Zephyr: bt_rand() is called over HCI when BT_HOST_CRYPTO=y, even if BT_CTLR_LE_ENC=n

Created on 25 Jan 2020 · 10Comments · Source: zephyrproject-rtos/zephyr

Describe the bug
If LE encryption is not supported (like the case for VEGA controllers), and host encryption is enabled, there will still be calls to the controller for obtaining the necessary 8 bytes of random data.
This is done in two places in subsys/bluetooth/host/crypto.c, in prng_reseed() and in prng_init().

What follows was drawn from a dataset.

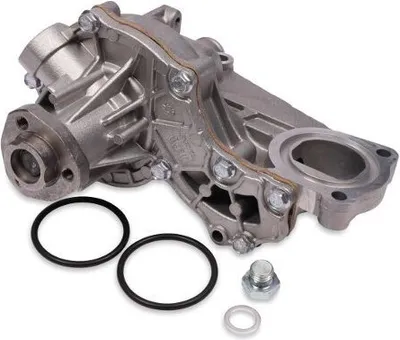 Produktbild von HEPU Kühlmittelpumpe Wasserpumpe für AUDI A4 Limousine (8D2, B5) P519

The problem is that the sequence of calls is actually a kind of infinite recursion, as per below

prng_reseed() -> BT_HCI_OP_LE_RAND -> le_rand() -> bt_rand() (host) -> prng_reseed()

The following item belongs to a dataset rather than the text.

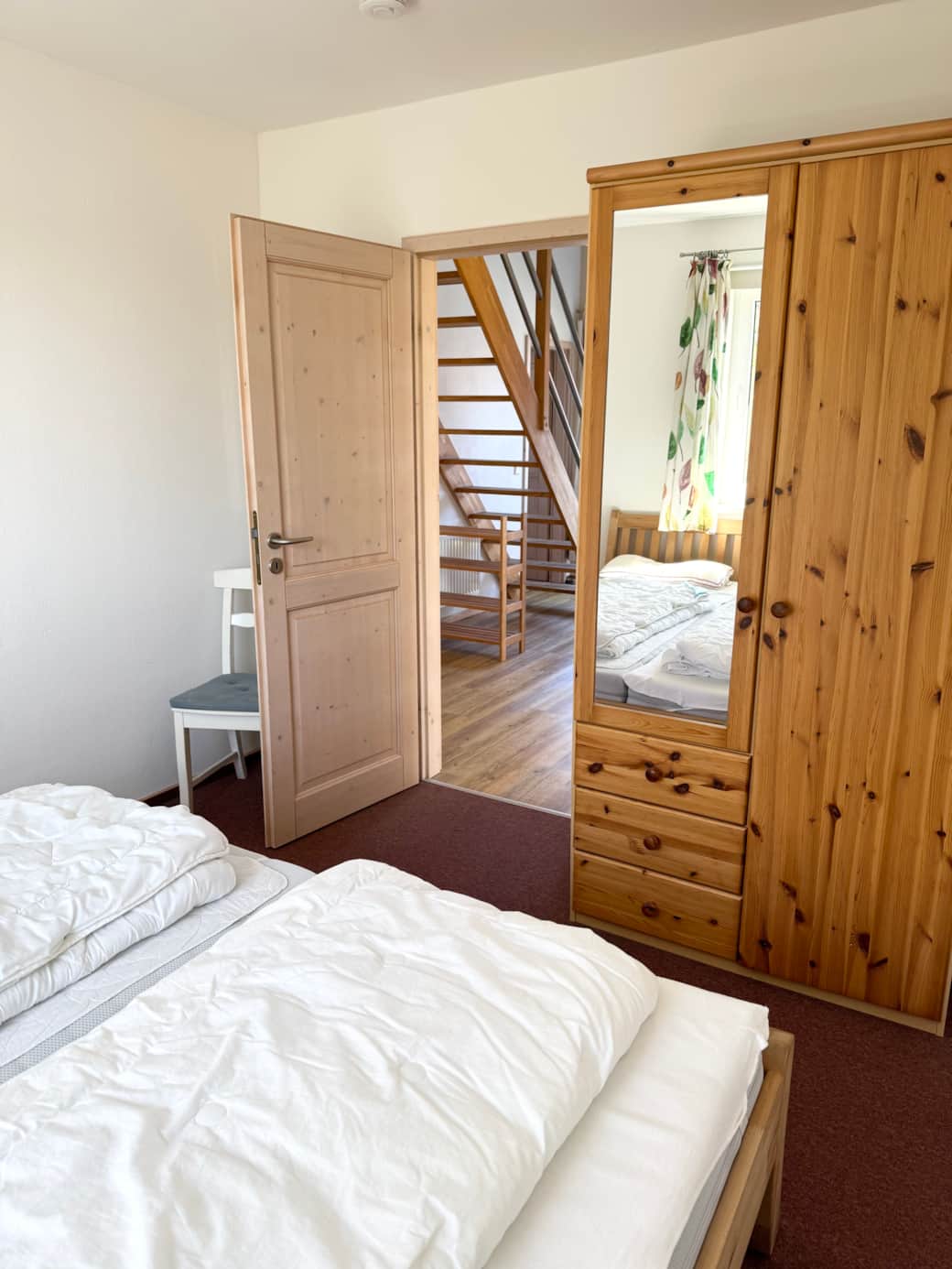 Schlafzimmer 2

The call to bt_rand() in host is done because only one implementation of the bt_rand() function (either from controller or from host) is being linked at a time.

Although I have not tested this, I suppose that this could be reproducible on Nordic as well, if setting BT_CTLR_LE_ENC_SUPPORT to n and enabling host crypto. Will test later on, when I can get access to a Nordic board.

To Reproduce
Steps to reproduce the behavior:

mkdir build; cd build
cmake -DBOARD=rv32m1_vega_ri5cy -DBT_HOST_CRYPTO=y
make
run on board and notice an error similar with the one below:

[00:00:00.120,000] <err> os: Exception cause Illegal instruction (2)
[00:00:00.120,000] <err> os: Faulting instruction address = 0x0d8fe860
[00:00:00.120,000] <err> os:   ra: 0x832f304a  gp: 0xec7e3d7e  tp: 0xe25f7e36  t0: 0x306eda80
[00:00:00.120,000] <err> os:   t1: 0x2c6fde6f  t2: 0x30a507e6  t3: 0x6a09e667  t4: 0xbb67ae85
[00:00:00.120,000] <err> os:   t5: 0x3c6ef372  t6: 0xa54ff53a  a0: 0x510e527f  a1: 0x9b05688c
[00:00:00.120,000] <err> os:   a2: 0xb78b2e79  a3: 0xb9a2e204  a4: 0x2fb44915  a5: 0xd90c5060
[00:00:00.120,000] <err> os:   a6: 0xd4839fe3  a7: 0x579a9afc

This is due to the fact that eventually the stack will run out.

Expected behavior
The controller random function should not be called when BT_CTLR_LE_ENC_SUPPORT is not enabled. This is according the the BLE spec, vol 2, part E, 3.1 LE Controller Requirements: where the HCI_LE_Rand command is noted as C4; per the note "C4: Mandatory if LE Feature (LE Encryption) is supported, otherwise excluded.".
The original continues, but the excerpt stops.